Pero después de pensarlo bien, esto no era viable porque un micrófono inalámbrico podía transmitir las palabras habladas, pero también el redoble del tambor y, a través de la amplificación de los microauriculares, el daño podía ser más grave.
—¡Muere! —gritó Du Qingyue con frialdad, alternando rápidamente ambas manos para golpear a Ma Jianfeng varias veces.
¡Bang, bang, bang, bang, bang!
En un abrir y cerrar de ojos, cinco golpes de palma habían impactado.
La cara de Ma Jianfeng se puso de repente escarlata, reprimiendo a la fuerza la sangre que se le subía a la garganta, y sus puños empezaron a contraatacar de forma alterna.
Du Qingyue no se abalanzó imprudentemente, sino que se retiró, evitando temporalmente su acometida.
Por otro lado, Zhang Qingyang estaba en una situación peor; el asalto conjunto de Lu Yao y Jiang Yixin lo tomó por sorpresa, y retrocedía continuamente sin poder lanzar un contraataque eficaz.
La niña pequeña dejó de tocar el tambor, sincronizándose con el ritmo del combate para elegir la siguiente oportunidad de golpear.
—Hemos subestimado a estas mujeres —dijo Zhang Qingyang con voz ahogada.
Ma Jianfeng apretó los dientes, sintiéndose muy sofocado por dentro, y dijo con rabia: —¡Menos cháchara y gana tiempo!
Los dos jadeaban pesadamente, luchando por soportar el malestar causado por los redobles del tambor.
Entonces, de repente, dos segundos después, los redobles del tambor sonaron de nuevo.
¡Bum, bum, bum, bum, bum!
Ma Jianfeng y Zhang Qingyang gimieron, sintiéndose frustrados por dentro.
En sus mentes, sin el impacto del redoble del tambor, encargarse de estos viejos, débiles y mujeres sería un juego de niños.
Pero la realidad era que, desde el principio, estaban en desventaja, y no parecía que fueran a invertir la situación pronto.
—¡Destroza ese maldito tambor primero! —dijo Ma Jianfeng con ferocidad.
Sin embargo, decirlo es fácil, pero hacerlo es difícil; después de varios intentos de abalanzarse que fueron frustrados, casi pierden la vida.

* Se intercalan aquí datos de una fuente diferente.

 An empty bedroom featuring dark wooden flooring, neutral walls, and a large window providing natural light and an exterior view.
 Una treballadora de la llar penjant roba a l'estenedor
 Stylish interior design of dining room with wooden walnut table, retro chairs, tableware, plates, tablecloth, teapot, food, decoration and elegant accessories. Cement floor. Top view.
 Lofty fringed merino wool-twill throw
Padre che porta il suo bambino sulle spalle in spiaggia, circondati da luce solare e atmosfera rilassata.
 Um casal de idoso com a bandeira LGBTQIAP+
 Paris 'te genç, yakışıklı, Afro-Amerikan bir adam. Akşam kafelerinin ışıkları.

Para entonces, Zhao Guo’an había sido rescatado por Zhen Jinghan y Sun Shijie.
—Doctor Divino Sun, ¿cómo está? —preguntó Zhen Jinghan con ansiedad.

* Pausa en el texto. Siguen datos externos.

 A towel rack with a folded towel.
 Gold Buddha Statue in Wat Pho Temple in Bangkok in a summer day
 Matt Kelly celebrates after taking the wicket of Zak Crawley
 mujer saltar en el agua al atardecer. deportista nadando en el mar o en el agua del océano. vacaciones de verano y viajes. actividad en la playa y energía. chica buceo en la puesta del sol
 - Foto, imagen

Sun Shijie retiró los dedos del pulso de Zhao Guo’an y la tranquilizó: —No te preocupes, solo está inconsciente por un fuerte golpe. Como mucho, se despertará con dolor de cuello durante dos días, pero nada más.
Solo entonces Zhen Jinghan suspiró aliviada, colocando la cabeza de Zhao Guo’an en su regazo, con los ojos llenos de afecto.
En otro lado, Lu Yao aprovechó la oportunidad, tiró de la Regla y emitió un rayo de luz blanca.
Ma Jianfeng solo sintió un ardor doloroso en la garganta.
Se la tocó con la mano y sus dedos se cubrieron de rojo. ¡Sus ojos se llenaron de incredulidad!
Lu Yao nunca había sido conocida por sus habilidades de combate, esto era bien sabido entre los instructores del Campo de Concentración del Diablo, así que, ¿¡cómo es que de repente era tan formidable!?